● **WORK ITEM**
Find "Cận cảnh chất" and "Girl wearing flower" in the records below. Copy the lines holding them and every line between, exactly, and no others.

● **RECORDS FOR THIS EXERCISE**
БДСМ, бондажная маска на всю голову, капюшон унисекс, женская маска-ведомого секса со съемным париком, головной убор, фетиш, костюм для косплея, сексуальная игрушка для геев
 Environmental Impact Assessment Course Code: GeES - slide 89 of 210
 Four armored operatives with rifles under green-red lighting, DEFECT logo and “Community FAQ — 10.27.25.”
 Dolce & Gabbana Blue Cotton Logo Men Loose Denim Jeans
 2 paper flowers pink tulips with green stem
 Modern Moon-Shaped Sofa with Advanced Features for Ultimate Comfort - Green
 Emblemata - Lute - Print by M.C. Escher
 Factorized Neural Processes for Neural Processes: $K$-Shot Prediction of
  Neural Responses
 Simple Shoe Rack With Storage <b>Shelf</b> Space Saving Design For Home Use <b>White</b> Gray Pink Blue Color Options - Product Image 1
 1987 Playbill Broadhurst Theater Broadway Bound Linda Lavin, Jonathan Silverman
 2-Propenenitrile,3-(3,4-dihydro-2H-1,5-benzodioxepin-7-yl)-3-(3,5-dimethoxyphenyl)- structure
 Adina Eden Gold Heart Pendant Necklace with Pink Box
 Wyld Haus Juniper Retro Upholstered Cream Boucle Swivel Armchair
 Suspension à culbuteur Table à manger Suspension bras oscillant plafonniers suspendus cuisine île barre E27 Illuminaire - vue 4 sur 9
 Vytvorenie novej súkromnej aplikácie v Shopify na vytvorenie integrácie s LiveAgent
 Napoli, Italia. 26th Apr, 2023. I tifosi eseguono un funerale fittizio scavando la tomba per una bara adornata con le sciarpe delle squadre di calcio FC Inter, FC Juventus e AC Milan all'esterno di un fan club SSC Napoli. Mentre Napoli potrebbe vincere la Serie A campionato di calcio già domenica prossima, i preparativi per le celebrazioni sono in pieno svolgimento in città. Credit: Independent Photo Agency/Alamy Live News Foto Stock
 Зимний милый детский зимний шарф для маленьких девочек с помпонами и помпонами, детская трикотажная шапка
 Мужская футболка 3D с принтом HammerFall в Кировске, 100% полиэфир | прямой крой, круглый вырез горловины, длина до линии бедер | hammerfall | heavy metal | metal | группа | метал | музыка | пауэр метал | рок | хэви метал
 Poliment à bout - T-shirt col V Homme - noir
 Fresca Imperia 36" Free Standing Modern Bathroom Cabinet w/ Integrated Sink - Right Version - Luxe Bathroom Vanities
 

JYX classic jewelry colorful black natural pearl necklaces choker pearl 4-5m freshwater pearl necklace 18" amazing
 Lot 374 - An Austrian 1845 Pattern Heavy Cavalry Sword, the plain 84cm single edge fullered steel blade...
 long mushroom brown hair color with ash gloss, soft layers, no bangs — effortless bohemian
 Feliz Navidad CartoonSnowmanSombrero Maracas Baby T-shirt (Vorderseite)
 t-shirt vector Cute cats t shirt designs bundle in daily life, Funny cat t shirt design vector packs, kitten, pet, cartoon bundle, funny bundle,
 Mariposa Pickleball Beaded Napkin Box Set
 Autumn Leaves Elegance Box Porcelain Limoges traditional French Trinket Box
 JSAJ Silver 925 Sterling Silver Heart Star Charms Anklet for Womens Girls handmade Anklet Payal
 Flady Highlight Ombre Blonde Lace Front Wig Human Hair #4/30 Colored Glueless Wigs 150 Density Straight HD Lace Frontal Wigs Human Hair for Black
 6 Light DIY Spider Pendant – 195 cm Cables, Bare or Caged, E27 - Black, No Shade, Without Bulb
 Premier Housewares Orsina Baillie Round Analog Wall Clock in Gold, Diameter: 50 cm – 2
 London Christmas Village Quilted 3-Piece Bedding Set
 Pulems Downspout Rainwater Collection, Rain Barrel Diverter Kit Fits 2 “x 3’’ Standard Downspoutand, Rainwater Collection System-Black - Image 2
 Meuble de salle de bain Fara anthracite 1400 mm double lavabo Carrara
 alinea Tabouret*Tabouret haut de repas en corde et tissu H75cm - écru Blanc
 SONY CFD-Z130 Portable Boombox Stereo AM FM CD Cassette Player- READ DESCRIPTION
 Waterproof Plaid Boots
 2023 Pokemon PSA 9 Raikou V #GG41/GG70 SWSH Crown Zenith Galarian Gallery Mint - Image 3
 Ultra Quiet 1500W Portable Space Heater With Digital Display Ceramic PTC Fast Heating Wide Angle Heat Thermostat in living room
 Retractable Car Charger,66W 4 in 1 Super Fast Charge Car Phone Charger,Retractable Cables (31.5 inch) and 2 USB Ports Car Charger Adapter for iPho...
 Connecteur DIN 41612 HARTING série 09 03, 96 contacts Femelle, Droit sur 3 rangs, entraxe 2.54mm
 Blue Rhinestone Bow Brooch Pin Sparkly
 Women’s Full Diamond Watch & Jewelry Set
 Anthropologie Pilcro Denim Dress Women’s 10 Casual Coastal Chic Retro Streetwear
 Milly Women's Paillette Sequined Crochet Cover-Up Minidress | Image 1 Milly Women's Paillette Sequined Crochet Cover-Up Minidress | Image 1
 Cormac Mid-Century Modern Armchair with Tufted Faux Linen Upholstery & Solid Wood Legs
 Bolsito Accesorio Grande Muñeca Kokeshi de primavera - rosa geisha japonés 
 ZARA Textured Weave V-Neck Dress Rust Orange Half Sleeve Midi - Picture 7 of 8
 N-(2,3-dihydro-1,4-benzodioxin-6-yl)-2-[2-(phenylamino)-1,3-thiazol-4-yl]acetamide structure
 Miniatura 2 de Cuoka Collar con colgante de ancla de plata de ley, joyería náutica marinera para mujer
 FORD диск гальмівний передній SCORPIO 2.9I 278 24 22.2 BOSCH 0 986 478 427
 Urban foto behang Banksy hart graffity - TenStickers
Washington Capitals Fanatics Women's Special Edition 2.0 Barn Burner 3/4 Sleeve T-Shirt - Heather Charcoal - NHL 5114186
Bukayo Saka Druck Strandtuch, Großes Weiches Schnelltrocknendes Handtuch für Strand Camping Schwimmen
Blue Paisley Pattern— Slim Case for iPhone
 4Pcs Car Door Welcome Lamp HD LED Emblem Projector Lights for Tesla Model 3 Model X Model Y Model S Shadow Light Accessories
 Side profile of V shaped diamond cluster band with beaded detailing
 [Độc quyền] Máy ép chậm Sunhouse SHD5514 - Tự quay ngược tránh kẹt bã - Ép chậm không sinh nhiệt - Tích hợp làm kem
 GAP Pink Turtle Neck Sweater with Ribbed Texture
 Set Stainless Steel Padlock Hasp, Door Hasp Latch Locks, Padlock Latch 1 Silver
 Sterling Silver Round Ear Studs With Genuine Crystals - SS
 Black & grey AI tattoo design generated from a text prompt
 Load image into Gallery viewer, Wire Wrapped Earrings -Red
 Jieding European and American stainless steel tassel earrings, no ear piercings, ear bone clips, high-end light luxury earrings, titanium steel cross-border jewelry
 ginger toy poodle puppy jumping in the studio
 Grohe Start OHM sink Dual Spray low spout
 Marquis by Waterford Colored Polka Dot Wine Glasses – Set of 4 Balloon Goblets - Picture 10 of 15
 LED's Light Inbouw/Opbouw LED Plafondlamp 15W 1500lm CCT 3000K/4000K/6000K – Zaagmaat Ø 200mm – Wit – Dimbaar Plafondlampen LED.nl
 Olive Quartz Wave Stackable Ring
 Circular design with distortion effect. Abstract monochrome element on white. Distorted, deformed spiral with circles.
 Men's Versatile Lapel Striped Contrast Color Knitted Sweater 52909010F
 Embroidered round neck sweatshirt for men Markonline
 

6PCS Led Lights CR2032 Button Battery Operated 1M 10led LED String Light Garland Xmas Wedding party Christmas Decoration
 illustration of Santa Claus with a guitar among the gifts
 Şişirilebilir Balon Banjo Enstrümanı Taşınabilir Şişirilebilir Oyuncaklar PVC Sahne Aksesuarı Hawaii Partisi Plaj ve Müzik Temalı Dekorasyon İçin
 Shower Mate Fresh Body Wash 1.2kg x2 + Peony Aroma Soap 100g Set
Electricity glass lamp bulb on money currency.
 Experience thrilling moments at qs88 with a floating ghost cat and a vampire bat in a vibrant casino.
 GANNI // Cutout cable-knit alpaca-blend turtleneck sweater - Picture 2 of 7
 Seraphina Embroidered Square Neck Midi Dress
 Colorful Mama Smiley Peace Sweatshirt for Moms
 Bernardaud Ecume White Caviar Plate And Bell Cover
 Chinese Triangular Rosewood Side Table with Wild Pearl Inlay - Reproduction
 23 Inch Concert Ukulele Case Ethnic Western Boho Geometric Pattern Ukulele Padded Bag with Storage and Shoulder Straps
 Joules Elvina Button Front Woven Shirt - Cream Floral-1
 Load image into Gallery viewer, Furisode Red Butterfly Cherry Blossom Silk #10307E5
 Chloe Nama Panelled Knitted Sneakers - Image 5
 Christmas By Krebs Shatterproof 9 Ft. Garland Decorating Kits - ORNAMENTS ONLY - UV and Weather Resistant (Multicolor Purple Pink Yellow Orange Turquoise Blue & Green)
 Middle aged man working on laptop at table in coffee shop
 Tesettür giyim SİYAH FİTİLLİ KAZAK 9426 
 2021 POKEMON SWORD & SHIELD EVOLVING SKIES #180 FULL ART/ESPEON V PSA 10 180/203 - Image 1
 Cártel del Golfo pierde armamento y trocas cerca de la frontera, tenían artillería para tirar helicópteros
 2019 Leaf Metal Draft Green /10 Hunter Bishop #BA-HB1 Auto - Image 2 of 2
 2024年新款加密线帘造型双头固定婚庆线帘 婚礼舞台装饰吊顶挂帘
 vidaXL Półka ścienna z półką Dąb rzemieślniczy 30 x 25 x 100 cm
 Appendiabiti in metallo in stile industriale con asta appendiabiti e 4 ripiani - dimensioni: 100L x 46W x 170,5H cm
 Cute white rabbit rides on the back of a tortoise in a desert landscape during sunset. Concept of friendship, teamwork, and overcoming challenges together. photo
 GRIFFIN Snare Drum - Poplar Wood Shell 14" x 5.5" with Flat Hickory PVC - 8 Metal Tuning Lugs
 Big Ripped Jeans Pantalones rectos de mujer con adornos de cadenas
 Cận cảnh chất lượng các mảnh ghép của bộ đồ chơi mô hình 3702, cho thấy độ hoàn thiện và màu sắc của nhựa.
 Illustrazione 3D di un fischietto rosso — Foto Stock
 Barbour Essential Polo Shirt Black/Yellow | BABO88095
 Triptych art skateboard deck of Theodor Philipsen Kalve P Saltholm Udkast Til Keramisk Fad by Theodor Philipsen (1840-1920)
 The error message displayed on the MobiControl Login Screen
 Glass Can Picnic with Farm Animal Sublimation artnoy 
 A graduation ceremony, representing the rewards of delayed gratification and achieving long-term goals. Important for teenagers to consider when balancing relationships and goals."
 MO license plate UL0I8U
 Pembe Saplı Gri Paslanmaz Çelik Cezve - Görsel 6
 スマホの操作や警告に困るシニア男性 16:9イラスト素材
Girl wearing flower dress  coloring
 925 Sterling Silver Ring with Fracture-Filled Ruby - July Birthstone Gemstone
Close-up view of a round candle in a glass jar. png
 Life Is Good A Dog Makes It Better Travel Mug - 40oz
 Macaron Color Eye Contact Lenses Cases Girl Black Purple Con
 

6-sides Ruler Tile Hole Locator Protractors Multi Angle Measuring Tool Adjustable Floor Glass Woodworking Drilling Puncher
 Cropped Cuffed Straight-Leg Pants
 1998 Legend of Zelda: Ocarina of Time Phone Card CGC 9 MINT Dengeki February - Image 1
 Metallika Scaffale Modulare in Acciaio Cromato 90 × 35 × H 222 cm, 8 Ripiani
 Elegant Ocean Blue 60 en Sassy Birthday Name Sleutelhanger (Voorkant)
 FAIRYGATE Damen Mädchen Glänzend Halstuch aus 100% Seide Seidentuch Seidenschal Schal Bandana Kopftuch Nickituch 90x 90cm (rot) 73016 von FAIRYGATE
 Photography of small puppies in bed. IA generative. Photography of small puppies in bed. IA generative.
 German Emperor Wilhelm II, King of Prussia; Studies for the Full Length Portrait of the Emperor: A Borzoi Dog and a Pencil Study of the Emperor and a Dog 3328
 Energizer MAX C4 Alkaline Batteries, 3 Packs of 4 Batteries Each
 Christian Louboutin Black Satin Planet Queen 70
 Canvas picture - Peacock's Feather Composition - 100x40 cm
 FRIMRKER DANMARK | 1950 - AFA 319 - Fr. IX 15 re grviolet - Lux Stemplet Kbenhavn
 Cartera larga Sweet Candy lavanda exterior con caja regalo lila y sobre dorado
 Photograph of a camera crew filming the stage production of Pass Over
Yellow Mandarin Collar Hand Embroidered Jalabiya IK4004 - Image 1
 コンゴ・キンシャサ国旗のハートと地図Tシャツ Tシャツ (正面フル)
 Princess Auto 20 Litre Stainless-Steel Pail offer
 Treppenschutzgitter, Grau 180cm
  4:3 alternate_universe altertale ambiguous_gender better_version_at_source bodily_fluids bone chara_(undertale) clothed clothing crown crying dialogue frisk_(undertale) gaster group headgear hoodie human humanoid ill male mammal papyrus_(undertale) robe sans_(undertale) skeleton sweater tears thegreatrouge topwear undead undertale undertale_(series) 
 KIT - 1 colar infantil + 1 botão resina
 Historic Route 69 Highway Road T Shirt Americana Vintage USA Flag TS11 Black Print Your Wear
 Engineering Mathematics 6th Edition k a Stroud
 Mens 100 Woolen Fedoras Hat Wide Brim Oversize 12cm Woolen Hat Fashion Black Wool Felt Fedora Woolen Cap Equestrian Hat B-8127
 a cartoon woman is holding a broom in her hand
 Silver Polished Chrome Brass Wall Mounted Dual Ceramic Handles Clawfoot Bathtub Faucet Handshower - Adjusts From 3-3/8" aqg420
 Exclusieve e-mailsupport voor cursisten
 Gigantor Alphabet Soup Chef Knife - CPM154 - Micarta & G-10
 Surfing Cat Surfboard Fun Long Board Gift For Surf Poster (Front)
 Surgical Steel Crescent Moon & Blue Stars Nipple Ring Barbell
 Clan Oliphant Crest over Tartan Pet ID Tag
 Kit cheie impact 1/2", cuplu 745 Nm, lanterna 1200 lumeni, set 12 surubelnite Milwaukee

● **WRITTEN SOLUTION**
 Cận cảnh chất lượng các mảnh ghép của bộ đồ chơi mô hình 3702, cho thấy độ hoàn thiện và màu sắc của nhựa.
 Illustrazione 3D di un fischietto rosso — Foto Stock
 Barbour Essential Polo Shirt Black/Yellow | BABO88095
 Triptych art skateboard deck of Theodor Philipsen Kalve P Saltholm Udkast Til Keramisk Fad by Theodor Philipsen (1840-1920)
 The error message displayed on the MobiControl Login Screen
 Glass Can Picnic with Farm Animal Sublimation artnoy 
 A graduation ceremony, representing the rewards of delayed gratification and achieving long-term goals. Important for teenagers to consider when balancing relationships and goals."
 MO license plate UL0I8U
 Pembe Saplı Gri Paslanmaz Çelik Cezve - Görsel 6
 スマホの操作や警告に困るシニア男性 16:9イラスト素材
Girl wearing flower dress  coloring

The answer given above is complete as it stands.